The problem is that there is a chemical barrier to actually releasing the energy. In physicist-speak: the Earth’s atmosphere was caught in a false vacuum. There’s no reaction that takes you directly from CO2 and hydrogen to methane (CH4) and water; you have to go through a series of reactions to get there. And the first steps along the way constitute a potential barrier: they consume energy rather than releasing it. Here’s a plot from one of Russell’s talks of the free energy per carbon atom of various steps along the way; it looks for all the world like a particle physicist’s plot of the potential energy of a field caught in a metastable vacuum. (Different curves represent different environments.)

Here is the bold hypothesis: life is Nature’s way of opening up a chemical channel to release all of that free energy bottled up in carbon dioxide in the atmosphere of the young Earth. My own understanding gets a little fuzzy at this point, but the basic idea seems intelligible. While there is no simple reaction that takes CO2 directly to hydrocarbons, there are complicated series of reactions that do so. Some sort of membrane (e.g. a cell wall) helps to segregate out the relevant chemicals; various inorganic compounds act as enzymes to speed the reactions along. The reason for the complexity of life, which is low entropy considered all by itself, is that it helps the bigger picture increase in entropy.

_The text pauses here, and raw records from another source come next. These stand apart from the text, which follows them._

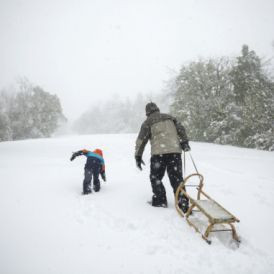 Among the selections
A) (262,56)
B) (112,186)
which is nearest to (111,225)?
(112,186)

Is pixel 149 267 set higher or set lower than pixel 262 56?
lower

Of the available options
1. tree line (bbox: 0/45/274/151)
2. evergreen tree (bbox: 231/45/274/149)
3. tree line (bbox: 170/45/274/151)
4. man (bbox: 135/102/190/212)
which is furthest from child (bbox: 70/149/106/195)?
tree line (bbox: 170/45/274/151)

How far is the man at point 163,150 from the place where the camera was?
4404mm

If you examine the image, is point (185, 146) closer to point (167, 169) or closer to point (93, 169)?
point (167, 169)

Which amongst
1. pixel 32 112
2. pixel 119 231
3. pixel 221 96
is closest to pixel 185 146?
pixel 119 231

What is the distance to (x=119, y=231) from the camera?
3727mm

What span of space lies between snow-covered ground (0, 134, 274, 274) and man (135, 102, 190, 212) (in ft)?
1.34

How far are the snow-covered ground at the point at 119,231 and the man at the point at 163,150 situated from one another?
1.34 ft

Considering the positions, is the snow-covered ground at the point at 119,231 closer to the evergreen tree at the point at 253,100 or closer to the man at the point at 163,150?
the man at the point at 163,150

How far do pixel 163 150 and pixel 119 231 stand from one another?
1.71 m

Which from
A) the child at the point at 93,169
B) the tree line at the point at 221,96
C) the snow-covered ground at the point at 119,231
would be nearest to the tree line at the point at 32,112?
the tree line at the point at 221,96

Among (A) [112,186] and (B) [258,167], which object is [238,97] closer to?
(B) [258,167]

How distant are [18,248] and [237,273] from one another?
3.03 m

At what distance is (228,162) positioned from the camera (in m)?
9.73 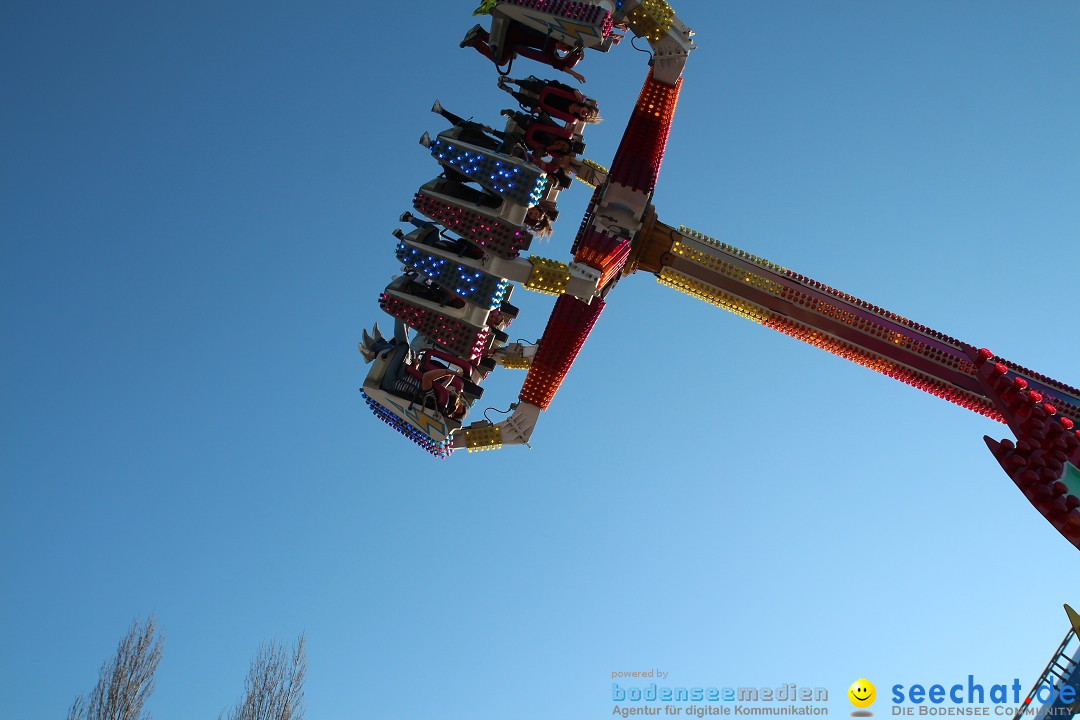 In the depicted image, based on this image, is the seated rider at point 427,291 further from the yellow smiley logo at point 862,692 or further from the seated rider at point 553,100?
the yellow smiley logo at point 862,692

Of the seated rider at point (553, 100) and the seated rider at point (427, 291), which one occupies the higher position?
the seated rider at point (553, 100)

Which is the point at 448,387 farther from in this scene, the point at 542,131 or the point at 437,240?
the point at 542,131

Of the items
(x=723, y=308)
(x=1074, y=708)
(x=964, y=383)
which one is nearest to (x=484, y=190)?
(x=723, y=308)

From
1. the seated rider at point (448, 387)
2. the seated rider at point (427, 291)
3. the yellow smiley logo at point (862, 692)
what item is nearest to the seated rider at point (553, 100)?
the seated rider at point (427, 291)

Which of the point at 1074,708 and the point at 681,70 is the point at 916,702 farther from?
the point at 681,70

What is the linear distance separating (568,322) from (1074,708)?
12943mm

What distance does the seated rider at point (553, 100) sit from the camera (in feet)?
64.6

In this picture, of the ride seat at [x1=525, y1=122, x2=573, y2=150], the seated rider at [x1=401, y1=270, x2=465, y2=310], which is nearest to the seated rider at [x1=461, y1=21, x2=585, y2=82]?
the ride seat at [x1=525, y1=122, x2=573, y2=150]

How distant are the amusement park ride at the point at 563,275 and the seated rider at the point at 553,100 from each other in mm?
30

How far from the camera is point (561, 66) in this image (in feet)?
65.1

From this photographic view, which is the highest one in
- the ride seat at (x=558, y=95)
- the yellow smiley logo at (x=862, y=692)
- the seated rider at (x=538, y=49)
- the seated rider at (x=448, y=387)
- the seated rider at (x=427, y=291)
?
the seated rider at (x=538, y=49)

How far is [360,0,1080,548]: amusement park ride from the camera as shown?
64.3 feet

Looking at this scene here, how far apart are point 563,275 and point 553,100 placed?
3.67m

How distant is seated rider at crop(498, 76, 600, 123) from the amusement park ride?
0.03 m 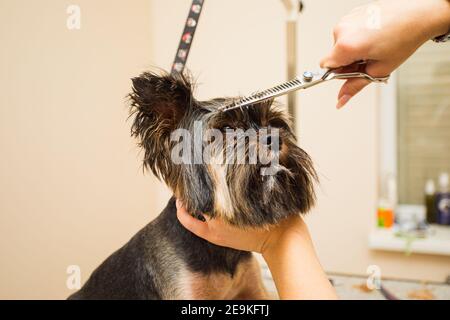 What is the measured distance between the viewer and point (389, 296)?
1.28m

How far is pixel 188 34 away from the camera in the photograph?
0.89 meters

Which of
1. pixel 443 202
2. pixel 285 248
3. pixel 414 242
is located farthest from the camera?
pixel 443 202

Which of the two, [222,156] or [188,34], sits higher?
[188,34]

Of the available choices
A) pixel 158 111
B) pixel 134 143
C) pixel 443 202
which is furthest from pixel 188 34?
pixel 443 202

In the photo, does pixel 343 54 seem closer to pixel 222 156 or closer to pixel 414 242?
pixel 222 156

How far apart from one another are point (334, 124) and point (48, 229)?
52.3 inches

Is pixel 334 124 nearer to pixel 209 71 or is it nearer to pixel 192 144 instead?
pixel 209 71

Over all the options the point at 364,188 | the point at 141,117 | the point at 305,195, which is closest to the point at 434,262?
the point at 364,188

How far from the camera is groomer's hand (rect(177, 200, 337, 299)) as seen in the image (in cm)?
78

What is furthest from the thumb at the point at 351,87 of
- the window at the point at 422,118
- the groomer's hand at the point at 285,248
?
the window at the point at 422,118

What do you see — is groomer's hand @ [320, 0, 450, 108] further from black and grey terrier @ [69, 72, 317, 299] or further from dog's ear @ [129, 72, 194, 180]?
dog's ear @ [129, 72, 194, 180]

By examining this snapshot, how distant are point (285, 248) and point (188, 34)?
56 centimetres

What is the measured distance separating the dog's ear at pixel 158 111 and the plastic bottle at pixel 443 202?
1546mm

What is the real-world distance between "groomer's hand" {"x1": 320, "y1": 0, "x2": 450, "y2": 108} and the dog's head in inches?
9.3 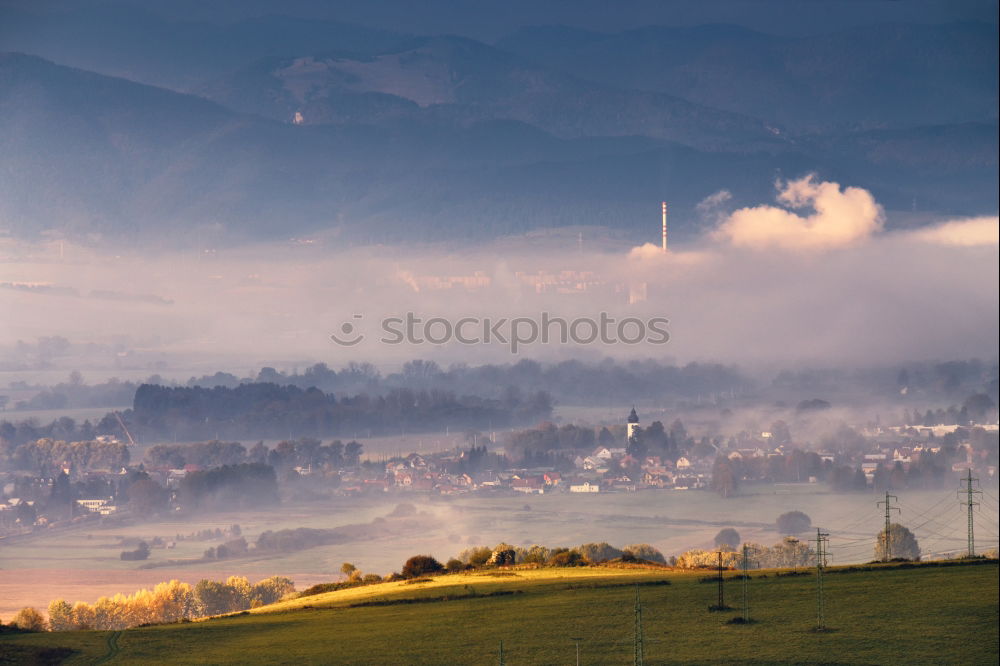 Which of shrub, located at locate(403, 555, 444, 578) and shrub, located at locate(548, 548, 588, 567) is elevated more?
shrub, located at locate(548, 548, 588, 567)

In ordinary statistical mechanics, we say that high-entropy configurations are more likely than low-entropy ones because there are simply more of them. But that logic doesn't quite go through if you can't get to the high-entropy configurations in any straightforward way. Nevertheless, a sufficiently complicated system can bounce around in configuration space, trying various different possibilities, until it hits on something that looks quite complex and unlikely, but is in fact very useful in helping the system as a whole evolve to a higher-entropy state. That's life (as it were). It's not so different from other cases like hurricanes or turbulence where apparent complexity arises in the natural course of events; it's all about using up that free energy.

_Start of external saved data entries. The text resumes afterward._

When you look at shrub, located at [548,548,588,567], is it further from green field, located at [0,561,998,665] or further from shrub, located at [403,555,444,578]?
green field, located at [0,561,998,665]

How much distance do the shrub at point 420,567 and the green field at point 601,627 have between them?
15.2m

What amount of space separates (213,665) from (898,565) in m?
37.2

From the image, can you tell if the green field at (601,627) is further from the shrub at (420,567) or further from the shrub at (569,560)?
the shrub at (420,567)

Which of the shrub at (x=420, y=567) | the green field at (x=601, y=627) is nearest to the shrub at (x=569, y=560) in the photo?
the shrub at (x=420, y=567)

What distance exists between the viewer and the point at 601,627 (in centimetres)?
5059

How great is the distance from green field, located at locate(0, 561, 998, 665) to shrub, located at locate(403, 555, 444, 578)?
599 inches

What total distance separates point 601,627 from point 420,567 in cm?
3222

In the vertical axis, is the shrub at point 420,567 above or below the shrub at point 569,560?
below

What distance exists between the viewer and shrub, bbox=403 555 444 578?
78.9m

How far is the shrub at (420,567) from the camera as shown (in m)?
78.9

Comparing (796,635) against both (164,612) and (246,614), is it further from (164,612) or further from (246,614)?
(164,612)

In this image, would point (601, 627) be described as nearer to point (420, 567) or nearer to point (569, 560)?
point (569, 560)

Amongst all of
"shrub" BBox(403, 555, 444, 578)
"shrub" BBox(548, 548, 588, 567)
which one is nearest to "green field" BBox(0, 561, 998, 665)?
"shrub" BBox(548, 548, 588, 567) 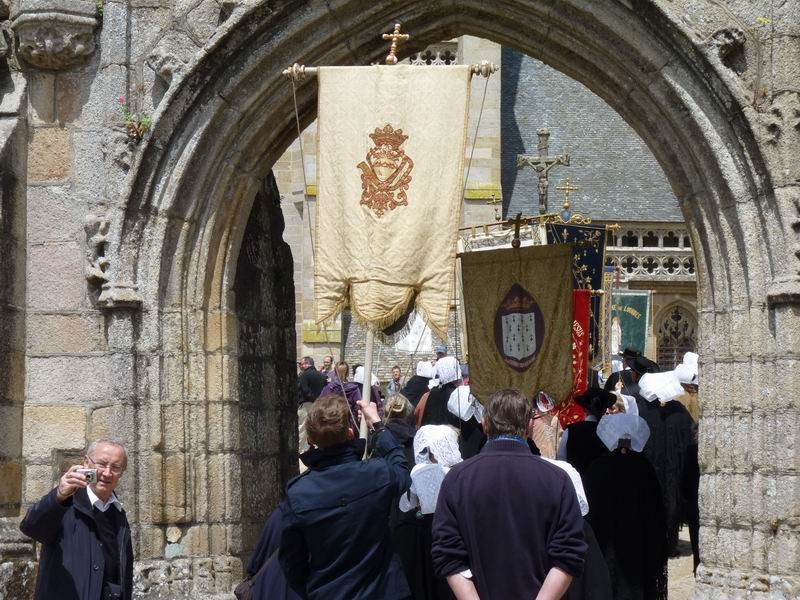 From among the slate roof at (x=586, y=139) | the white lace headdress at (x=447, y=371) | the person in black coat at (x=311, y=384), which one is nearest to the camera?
the white lace headdress at (x=447, y=371)

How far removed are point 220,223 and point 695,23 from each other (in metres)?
2.80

Obviously there is a lot missing to this story, and much of it is an absence of complete understanding on my part, although some of it is that we simply don’t know everything about life as yet. For one thing, even if you are a metabolism-first sympathizer, at some point you have to explain the origin of replication and information processing, which plays a crucial role how we think about life. For another, it’s a long road from explaining the origin of life to getting to the present day. It’s true that we know of very primitive organisms whose goal in life seems to be the conversion of CO2 into methane and acetate — methanogens and acetogens, respectively. But animals tend to produce CO2 rather than consume it, so it’s obviously not the whole story.

No surprise, really; whatever the story of life might be, there's no question it's a complicated one. But it all comes down to the elementary building blocks of Nature doing their best to fulfill the Second Law.